Interview mit Ralf Rothenburger„Wir brauchen die bestmöglichen Lösungen für die Herausforderungen unserer Zeit“

100 Tage im Amt: Ralf Rothenburger, Präsident der Handwerkskammer Heilbronn-Franken, spricht über seinen Start und seine Ziele.

Ralf Rothenburger, Präsident der Handwerkskammer Heilbronn-Franken, steht vor der Handwerkskammer und blickt in die Ferne.
Natascha Lieber

Herr Rothenburger, Sie wurden am 17. September 2024 von der Vollversammlung einstimmig zum neuen Präsidenten der Handwerkskammer Heilbronn-Franken gewählt. Wie gut haben Sie sich bereits in Ihre neue Rolle eingelebt?

Aus meiner Sicht sehr gut. Durch mein 17-jähriges Engagement als Kreishandwerksmeister der Kreishandwerkerschaft Heilbronn-Öhringen und meine Tätigkeit im Vorstand der Handwerkskammer kenne ich schon viele Mitarbeiter der Kammer, in anderen Handwerksorganisationen oder auf politischer Ebene und bin beispielsweise auch mit der Gremienarbeit vertraut. Diese Erfahrung ist ein großer Vorteil, denn ich musste mich nicht lange einarbeiten, sondern konnte sofort meine Ideen einbringen. Und das war für mich im Vorfeld auch ein Beweggrund zu sagen: Ich mache das!

Wie sieht Ihr Arbeitsalltag als Präsident aus?

Als jemand, der vom Austausch lebt, ist es mir wichtig, viel Präsenz zu zeigen und viele Gespräche zu führen. Denn ich bin ein Freund davon, Themen gemeinsam im Team voranzubringen. In der Handwerkskammer stimme ich mich vor allem mit Hauptgeschäftsführer Ralf Schnörr und dem stellvertretenden Hauptgeschäftsführer Achim Hofmann ab. Natürlich stehen auch viele repräsentative Termine und ein enger Austausch mit den Kreishandwerkerschaften und Innungen auf meiner Agenda. Gerade die Innungen stehen in ständigem Kontakt mit den Betrieben und nehmen als deren Sprachrohr eine bedeutende Rolle ein.

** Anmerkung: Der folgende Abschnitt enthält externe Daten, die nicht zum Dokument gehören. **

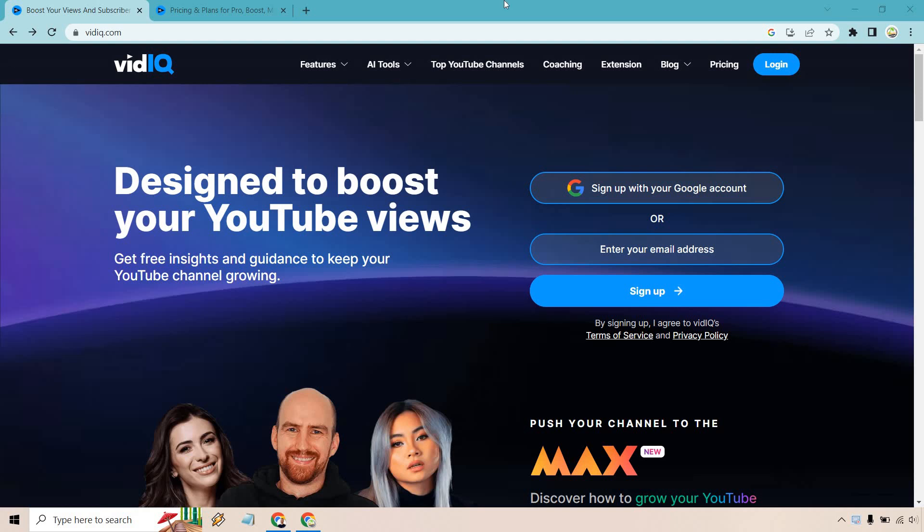Let's quickly talk about the vidIQ free version and sign up. If you'd like easy access, I will put my link down below in the description. If you click that, you'll get taken to a page that looks very similar to this.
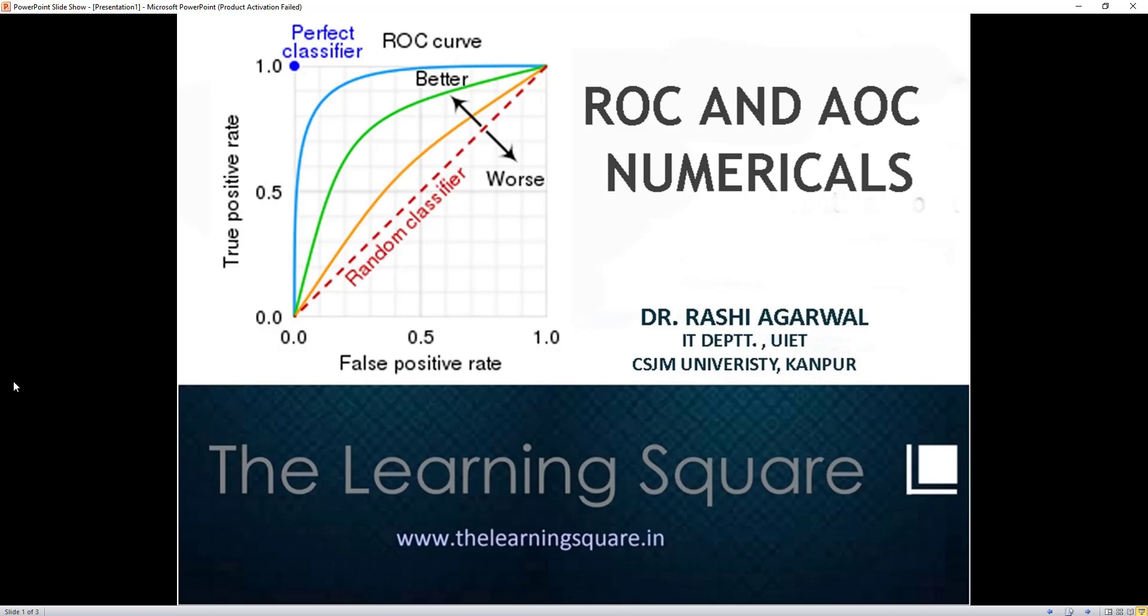Hi everyone, so today I will be talking about the ROC and AOC numericals that you're supposed to solve. An ROC curve basically is the curve between the true positive rate and the false positive rate of any algorithm that I take up. Maybe I have a classifier and I want to judge, I have different classifiers and I want to find out which classifier is performing the best. So ROC curve is used for that.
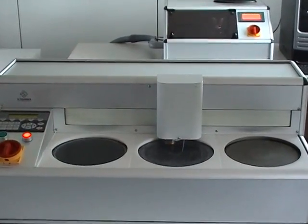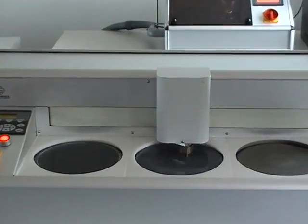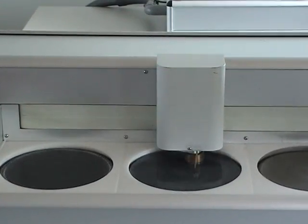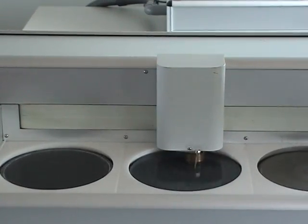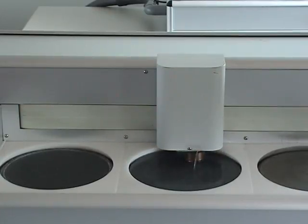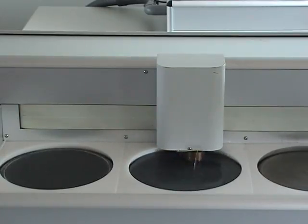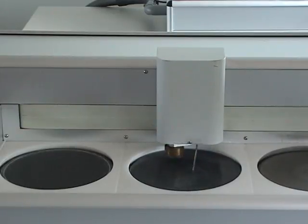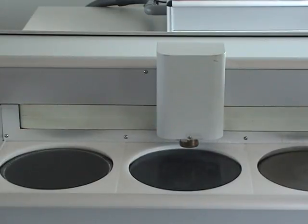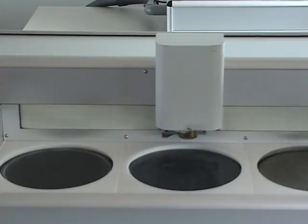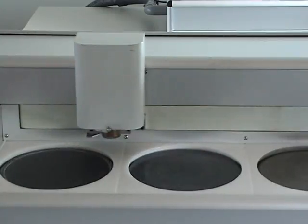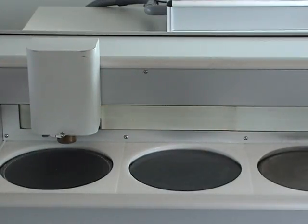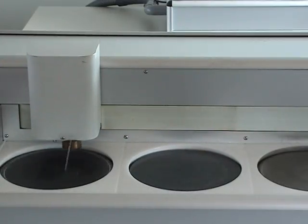At first, a reference measurement is done on the middle grinding station. This station is also used for fine grinding. After the reference measurement, the rough grinding is done on the left station.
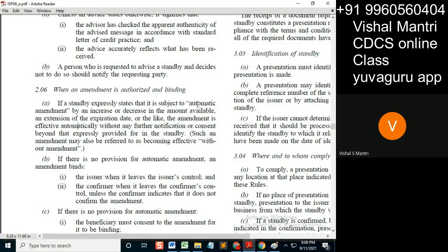If the automatic amendment clause is not explicitly given, then the amendment is still effective automatically without any further notification or consent, as expressly provided for in the standby.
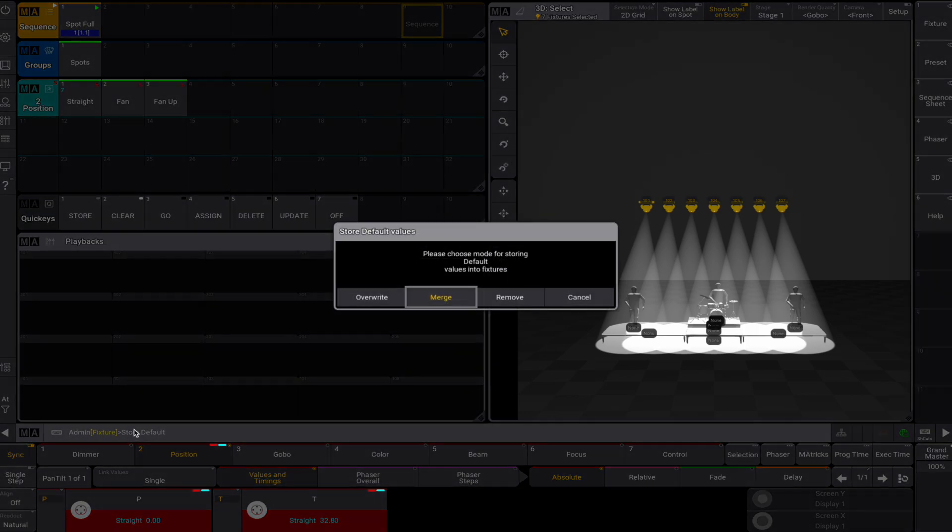The dialog popup asks us to override, merge or remove the default data into the fixture. Let's choose merge.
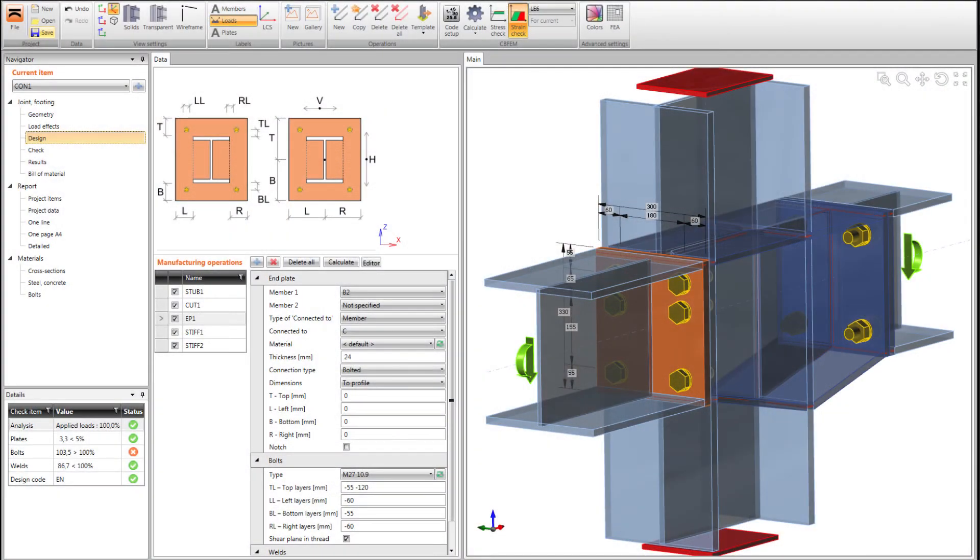We are combining two well accepted methods in the field: component method and finite element method. Design steps are well described and published.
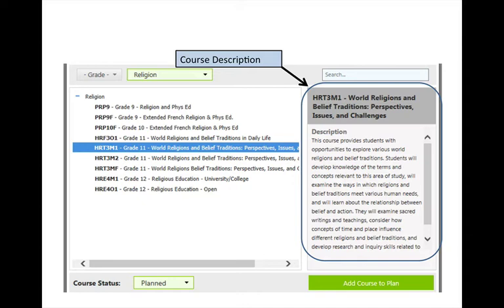This is the same description that is listed at the back of the orange course calendar book, which every student receives at the time of course selection.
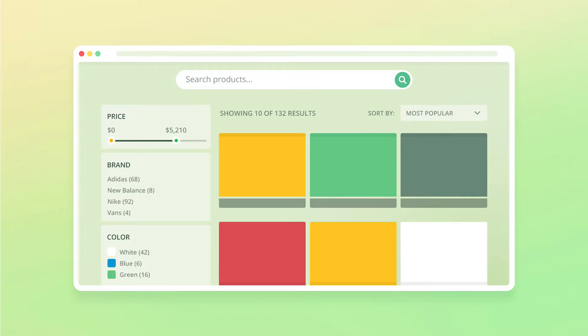We also might want to allow users to filter results such as by price range, brand, size, color, etc. and to sort by price or relevance for instance.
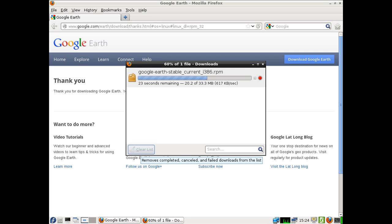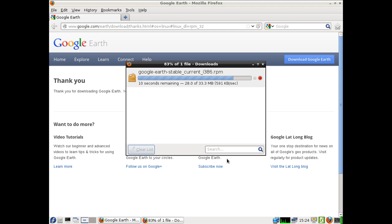That's pretty much it. That's how you install Google Earth, which is a great application for Fedora, Linux, and every operating system in general. Cheers guys, hope that's been helpful. Thank you!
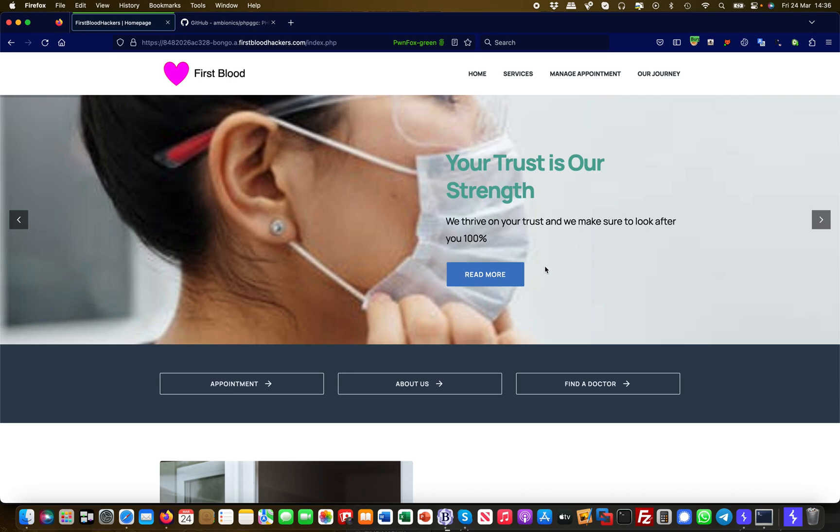Hey guys, this is Martin again from Bug Bounty Service. Today I'm going to show you another vulnerability. This time it's Remote Code Execution or RCE. This is basically one of the worst vulnerabilities to encounter, or one of the best from a bug bounty hunter's perspective.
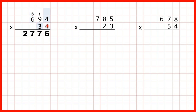So now we've multiplied by the 4 digit, so we could cross this out if it makes it easier for us. We also need to remember to cross out our working above. We also need to remember that because this 3 is in our tens, we need a 0 in the ones digit, at the end of our second answer line.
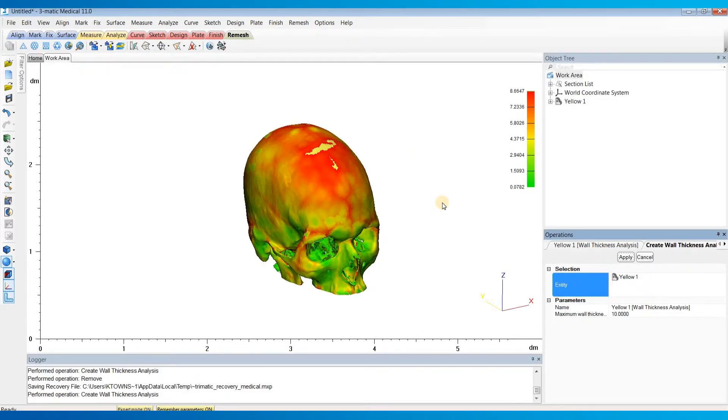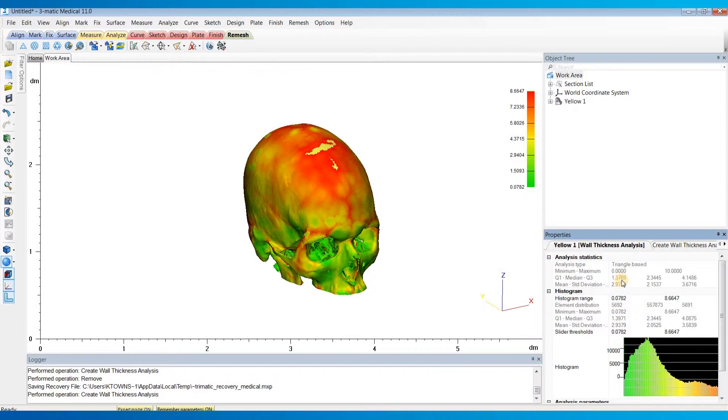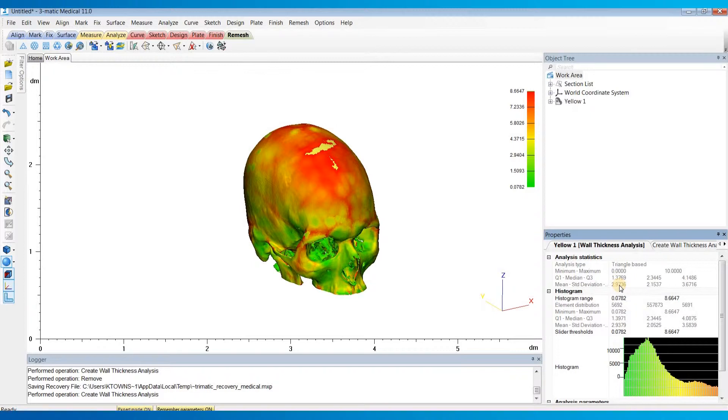So once that's done calculating, we can click here on the Properties tab to view the results. So here we have our minimum and maximum value that we set. Below that is the 25th percentile value, the median thickness value, and then the 75th percentile value. And below that is the mean or average thickness value, and this is a weighted calculation, so it takes into account the triangle sizes. Next is the standard deviation, and then lastly is the root mean squared value.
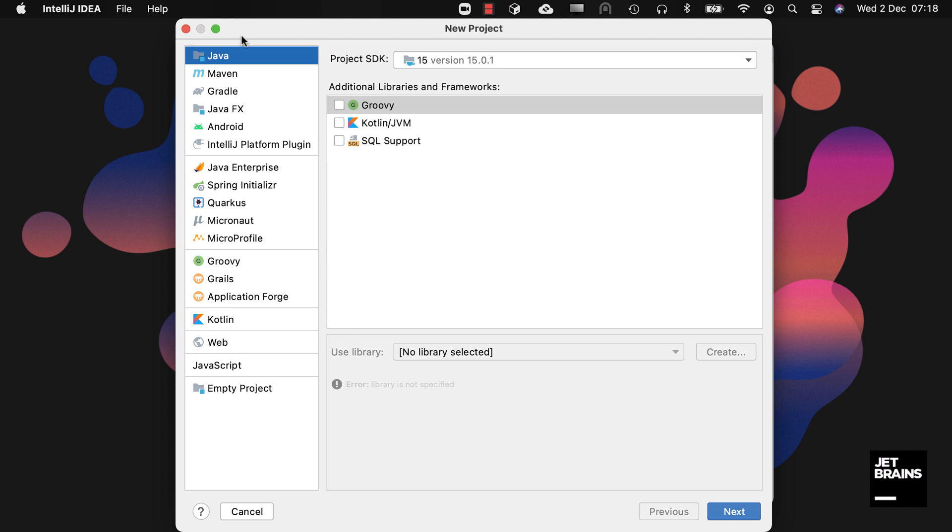On the left hand side we can see the types of projects that we can create. The first group is standard Java projects. These are available in our Community and Ultimate editions. The second group contains Java frameworks. These are available in our Ultimate edition.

Der Beginn eines neuen Jahres ist oft mit neuen Zielen und guten Vorsätzen verbunden. Haben Sie welche?

Wir stehen als Handwerk vor den gleichen Herausforderungen wie seit Jahren. Ob Fachkräftemangel oder Bürokratisierung: Es ist höchste Zeit, dass wieder mehr auf die Machbarkeit geschaut und mit Weitblick entschieden wird. Einerseits habe ich die Hoffnung, dass die neue Bundesregierung – in welcher Konstellation auch immer – dies auch umsetzen wird. Andererseits können wir uns als Handwerkskammer nicht darauf verlassen, sondern wollen mit unseren Experten unsere über 12.700 Mitgliedsbetriebe unterstützen und ihnen dabei Wege und Lösungen aufzeigen. Ich werde in den nächsten Wochen und Monaten verstärkt in den Dialog mit den Betrieben und den einzelnen Abteilungen der Handwerkskammer treten, um herauszufinden, welche verborgenen Potenziale wir in Zukunft gewinnbringend nutzen können.

Es ist höchste Zeit, dass wieder mehr auf die Machbarkeit geschaut und mit Weitblick entschieden wird.

Ralf Rothenburger, Präsident der Handwerkskammer Heilbronn-Franken

Sie haben bei Ihrem Amtsantritt die vier zentralen Themen Ausbildung und Fachkräftesicherung, Digitalisierung und Innovation, Bürokratie sowie Nachhaltigkeit und Umweltbewusstsein definiert. Wie wollen Sie hier konkret Verbesserungen anstoßen?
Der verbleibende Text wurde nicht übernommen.